いや、これでは自分の未来が描けないだろうが。1,2,3のどれかははっきりさせておくことが必要だと思うが。どれを選ぶか、雇用主の自由、なんてそんな募集あるかよ。
しかしこれが現在の大学の公募の実態だ。これは最近あった大学の実際の公募の内容そのものである。ただ課長←教授、係長←助教授、雇用期間←任用期間となっているだけだ。2だったらそれなりに良い条件である。ただ助教授と教授の定年が違うのが少しひっかかるが。問題は3だ。あくまでも「双方の合意」なので大学の一方的都合で首になっても文句は言えない、ということになる。しかも2回を上限ということは3年間。短すぎる。こちらは2しか応募する気は出ない。現在の生活条件を捨ててまで応募する条件は2だけである。2で厳しい競争ならばやむを得ない。しかし応募して任用されていきなり3では今の方がよほどまし、ということになる。
しかもその大学では教員の研究活動は有害無益なものとみなされているようである。今年から教員電話帳で上級講師の居室が「執務室」となっていることが、それを傍証している。今までは「研究室」となっていた。この大学はもはや研究機関としての機能は放棄し、教育機関に特化していこうとしているのである。

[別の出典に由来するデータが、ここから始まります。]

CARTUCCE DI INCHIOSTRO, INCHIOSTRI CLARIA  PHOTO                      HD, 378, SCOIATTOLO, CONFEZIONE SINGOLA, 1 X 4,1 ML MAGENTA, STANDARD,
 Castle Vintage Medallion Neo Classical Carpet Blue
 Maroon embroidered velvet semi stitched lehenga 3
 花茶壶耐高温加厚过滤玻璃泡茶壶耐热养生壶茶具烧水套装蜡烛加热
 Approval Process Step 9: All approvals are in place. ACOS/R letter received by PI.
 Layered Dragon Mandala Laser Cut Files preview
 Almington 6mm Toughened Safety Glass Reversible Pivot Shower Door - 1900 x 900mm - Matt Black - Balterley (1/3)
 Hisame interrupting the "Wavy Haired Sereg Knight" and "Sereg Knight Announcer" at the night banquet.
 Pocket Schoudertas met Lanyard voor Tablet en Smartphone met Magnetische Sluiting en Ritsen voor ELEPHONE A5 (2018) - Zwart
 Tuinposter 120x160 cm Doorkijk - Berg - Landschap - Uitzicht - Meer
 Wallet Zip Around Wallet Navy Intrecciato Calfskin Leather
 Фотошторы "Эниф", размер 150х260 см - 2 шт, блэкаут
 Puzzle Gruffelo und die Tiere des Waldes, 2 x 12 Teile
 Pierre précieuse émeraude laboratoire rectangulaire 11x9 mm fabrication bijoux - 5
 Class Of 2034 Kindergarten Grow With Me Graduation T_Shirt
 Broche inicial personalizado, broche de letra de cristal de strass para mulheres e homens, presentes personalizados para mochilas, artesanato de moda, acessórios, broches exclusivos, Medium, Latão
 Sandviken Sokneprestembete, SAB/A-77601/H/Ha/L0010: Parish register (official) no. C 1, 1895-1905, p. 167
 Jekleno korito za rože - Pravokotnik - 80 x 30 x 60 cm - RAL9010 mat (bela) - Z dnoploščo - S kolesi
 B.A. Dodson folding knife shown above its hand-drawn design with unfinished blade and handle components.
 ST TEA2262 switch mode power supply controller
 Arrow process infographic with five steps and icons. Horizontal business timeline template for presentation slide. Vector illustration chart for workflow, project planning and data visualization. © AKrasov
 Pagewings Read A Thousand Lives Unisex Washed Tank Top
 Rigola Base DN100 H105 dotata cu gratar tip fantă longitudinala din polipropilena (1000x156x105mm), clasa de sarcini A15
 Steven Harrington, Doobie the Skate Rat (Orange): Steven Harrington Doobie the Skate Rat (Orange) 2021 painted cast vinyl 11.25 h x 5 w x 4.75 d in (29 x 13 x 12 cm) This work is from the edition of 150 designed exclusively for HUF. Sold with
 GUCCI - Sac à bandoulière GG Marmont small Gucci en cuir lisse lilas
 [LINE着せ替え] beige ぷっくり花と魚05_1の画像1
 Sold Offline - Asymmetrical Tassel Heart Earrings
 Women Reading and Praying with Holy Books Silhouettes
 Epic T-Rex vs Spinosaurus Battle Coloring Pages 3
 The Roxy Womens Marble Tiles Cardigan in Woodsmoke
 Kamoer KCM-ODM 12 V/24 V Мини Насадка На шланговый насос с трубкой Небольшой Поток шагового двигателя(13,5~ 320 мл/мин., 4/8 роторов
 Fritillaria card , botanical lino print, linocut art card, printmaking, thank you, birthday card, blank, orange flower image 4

この大学のこのような動きは実は今から15年ほど前に顕在化していた。大学院生を研究する主体として扱うのではなく、あくまでも教育を受ける客体として遇する、というのがこの大学が15年前に示した姿勢なのである。大学では研究をするな、研究はあくまで自分の家で自分の責任だけで行え、これが15年前にこの大学が大学院生に示した姿勢だったのだ。その改革には文学部の多くの教員は当然のこと反対した。しかし理事会はそれを強行した。その時文学部長としてこの「改革」を強力に推進した人が現在のその大学の総長として同種の「改革」を強力に推進している。次回はその顛末を記したい。